31 January 2013

Viral Stuff: The Top 100 Words We Use

The Oxford English Corpus is such stuff as Oxford Dictionaries are made on. It contains texts collected mainly from innumerable Internet sites. Their total length so far is about two billion words. The texts represent different varieties of English, different genres, styles and registers; they all come from present-day English (from the year 2000 onwards) and are supposed to be representative of the current state of the language. Here are the 100 commonest words in that vast material:

1     the
2     be
3     to
4     of
5     and
6     a
7     in
8     that
9     have
10    I
11    it
12    for
13    not
14    on
15    with
16    he
17    as
18    you
19    do
20    at
21    this
22    but
23    his
24    by
25    from
26    they
27    we
28    say
29    her
30    she
31    or
32    an
33    will
34    my
35    one
36    all
37    would
38    there
39    their
40    what
41    so
42    up
43    out
44    if
45    about
46    who
47    get
48    which
49    go
50    me
51    when
52    make
53    can
54    like
55    time
56    no
57    just
58    him
59    know
60    take
61    people
62    into
63    year
64    your
65    good
66    some
67    could
68    them
69    see
70    other
71    than
72    then
73    now
74    look
75    only
76    come
77    its
78    over
79    think
80    also
81    back
82    after
83    use
84    two
85    how
86    our
87    work
88    first
89    well
90    way
91    even
92    new
93    want
94    because
95    any
96    these
97    give
98    day
99    most
100   us

A few facts are worth noting.

Almost all these words are “native” in the sense that they continue forms inherited from Old English. Most of them can be traced back in time still further, to Proto-Germanic, and quite a large number have their roots in Proto-Indo-European, the most distant reconstructible ancestor of English. Only four of them (just, people, use, and the second syllable of because) are Old French loanwords (first attested in 14th-century documents). A few are of Old Norse origin: notably, the 3pl. personal pronouns they, their, and them, but also want, and possibly take, while get and give owe at least their initial /ɡ/ to Old Norse influence (the closely related Old English verbs began with the palatal glide /j/). The Old Norse loans were taken from the Scandinavian settlers in the Danelaw area, presumably between 800 and 1200. The remaining items (ca. 90% of the list) have “always” been English.
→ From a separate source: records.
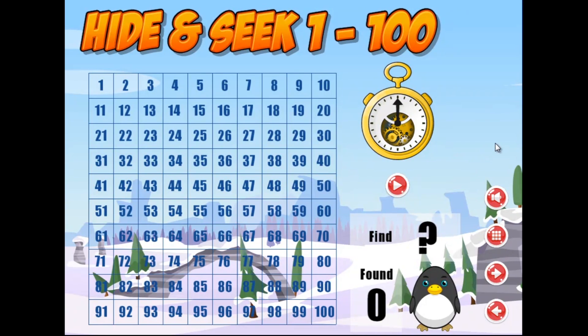Hi all, this is Adrian from GoTeachThis here again with you. I'm about to give you a run-through of the gameplay and then the features of our new hide-and-seek game played on a hundreds chart.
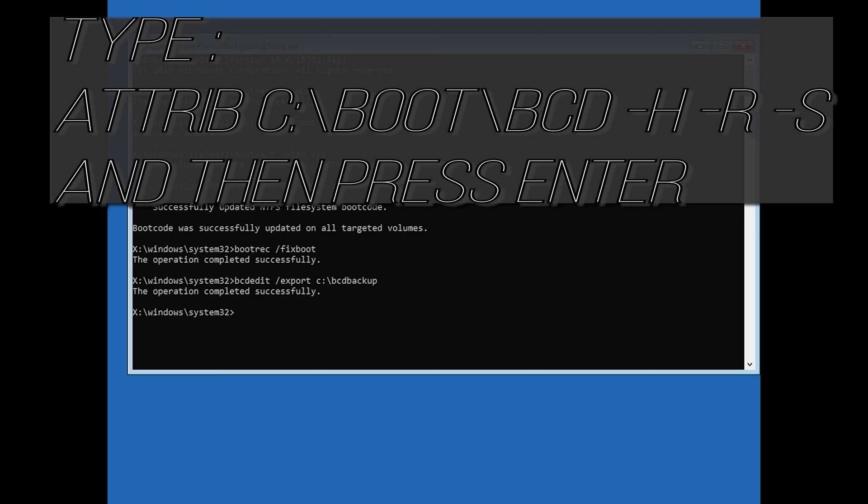Type attrib c:\boot\bcd -h -r -s and then press Enter.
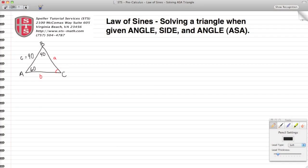Welcome back to Speller Tutorial Services. Today we're going to work with the law of sines. We have to solve a triangle where we're given an angle, side, and an angle. In this particular example, we're given angle A of 60 degrees, side C of 90 units, and angle B of 40 degrees.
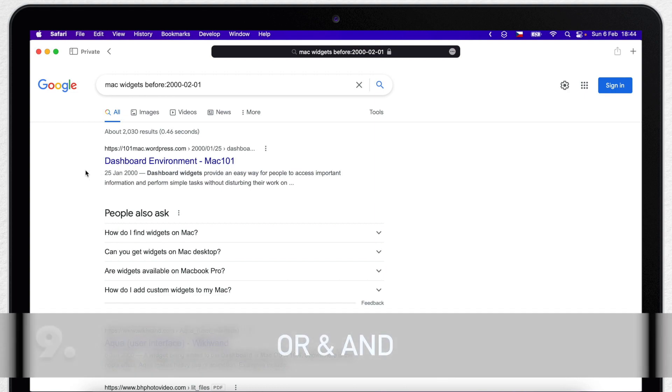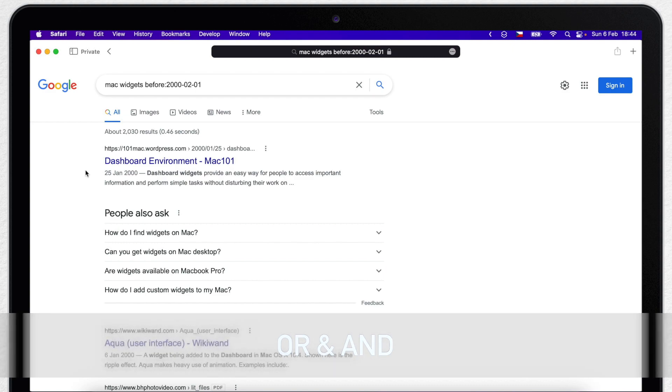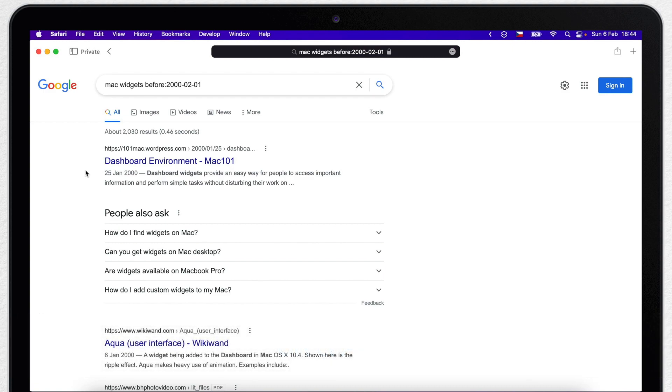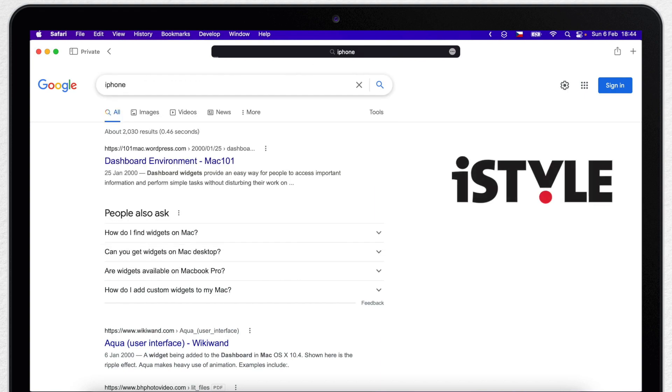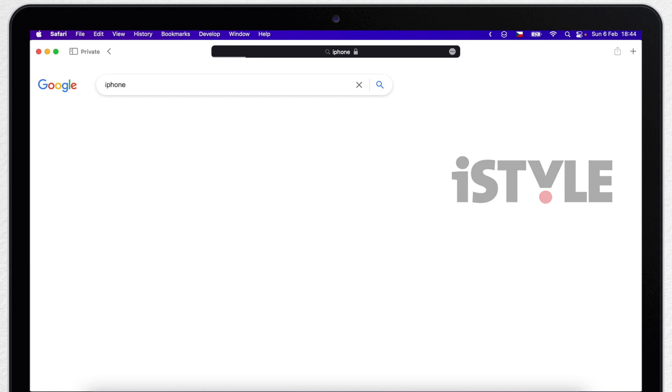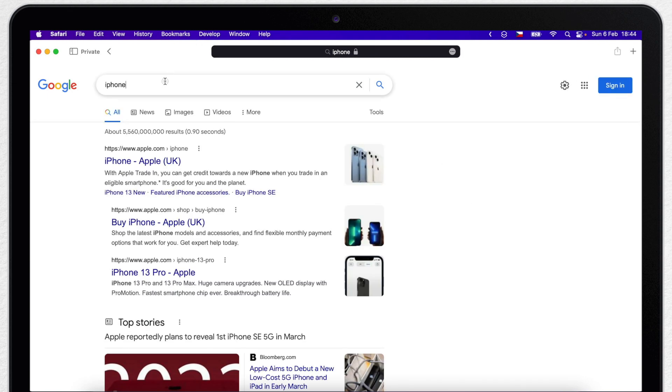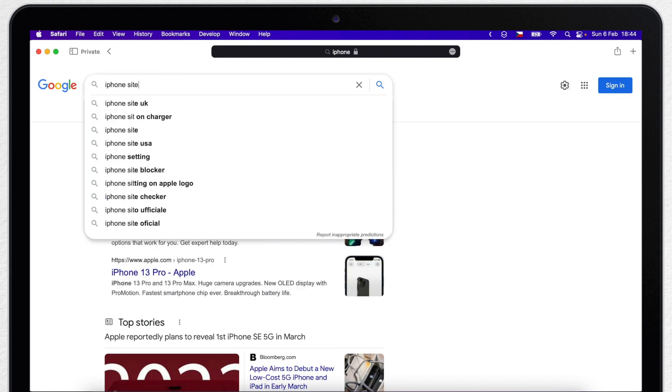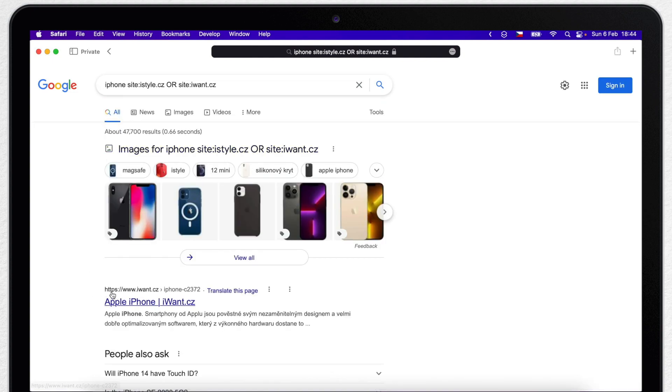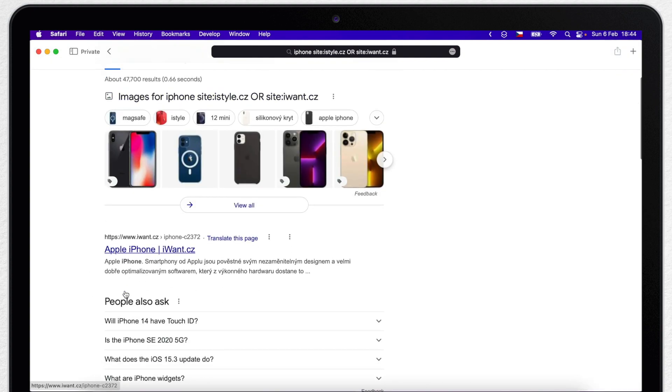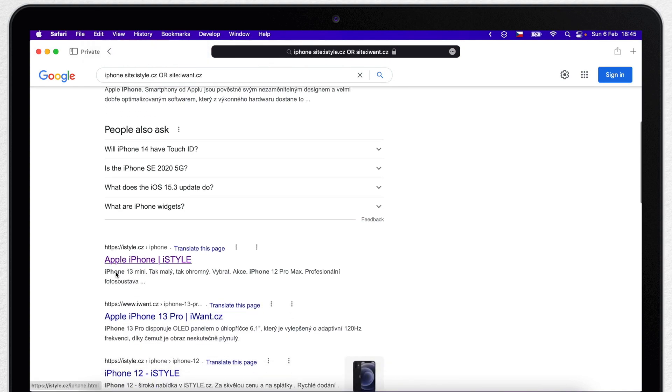Now let's use operators OR as well as AND. But remember, you have to use these in capital letters, otherwise Google will think they are just the regular words you are looking for. Let me show you an example. There are two big Apple resellers in Czech plus many other small ones, but I want to search only between these two big ones, which is iStyle and iWant. I will search for the word iPhone, then site iStyle.cz or with big letters, and another site iWant.cz, and then press enter. Now all of my results will either be iStyle or iWant.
This illustrates the rule that the more common a word is, the less likely it is to undergo lexical replacement [see: Frequency of word-use predicts rates of lexical evolution throughout Indo-European history]. If we looked instead at the entire lexicon of present-day English, we would find that relatively recent borrowings from foreign languages, most often Latin or French, account for at least some 80% of the vocabulary. That’s because rarely used words are much more likely to be substituted.
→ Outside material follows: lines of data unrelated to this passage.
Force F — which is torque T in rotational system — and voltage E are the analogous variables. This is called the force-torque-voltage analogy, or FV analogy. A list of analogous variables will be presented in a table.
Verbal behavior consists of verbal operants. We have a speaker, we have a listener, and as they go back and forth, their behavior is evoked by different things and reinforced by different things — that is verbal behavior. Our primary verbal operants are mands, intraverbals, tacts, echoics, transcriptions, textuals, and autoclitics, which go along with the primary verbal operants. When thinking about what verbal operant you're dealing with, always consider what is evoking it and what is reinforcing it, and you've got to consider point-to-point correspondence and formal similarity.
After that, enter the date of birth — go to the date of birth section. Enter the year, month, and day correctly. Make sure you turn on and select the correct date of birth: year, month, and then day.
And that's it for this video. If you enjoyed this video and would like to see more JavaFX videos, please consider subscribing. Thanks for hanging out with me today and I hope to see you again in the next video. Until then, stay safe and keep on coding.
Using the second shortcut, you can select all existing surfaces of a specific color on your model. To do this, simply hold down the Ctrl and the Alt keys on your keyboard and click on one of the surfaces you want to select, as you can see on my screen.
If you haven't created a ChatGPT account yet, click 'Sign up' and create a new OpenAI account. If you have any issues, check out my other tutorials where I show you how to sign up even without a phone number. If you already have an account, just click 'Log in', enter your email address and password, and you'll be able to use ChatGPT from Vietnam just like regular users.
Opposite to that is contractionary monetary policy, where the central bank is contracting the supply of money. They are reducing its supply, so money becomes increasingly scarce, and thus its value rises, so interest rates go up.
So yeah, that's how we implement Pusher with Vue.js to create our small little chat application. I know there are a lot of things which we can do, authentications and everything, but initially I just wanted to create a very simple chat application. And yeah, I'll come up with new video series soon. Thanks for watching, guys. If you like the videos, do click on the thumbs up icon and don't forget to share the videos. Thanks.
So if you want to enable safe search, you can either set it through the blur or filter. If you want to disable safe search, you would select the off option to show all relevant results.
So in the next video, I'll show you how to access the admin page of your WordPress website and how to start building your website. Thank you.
Many of the most common items are not content words that indicate things, ideas, actions, states, etc., but function words that mean little or nothing by themseves. They join content words to modify their meaning, express grammatical relationships, glue the sentence together, and facilitate discourse. They include articles, pronouns, conjunction, prepositions, simple adverbs, auxiliary and modal verbs, quantifiers, and miscellaneous “particles”. Nearly all the words in the first two columns above are of this kind (the only exceptions being say, get, and go, whose meaning is not particularly specific either). The “Top 100” words are extremely successful replicators: practically every sentence must contain a few of them. Their occurrences make up about 50% of the total material in the Oxford English Corpus!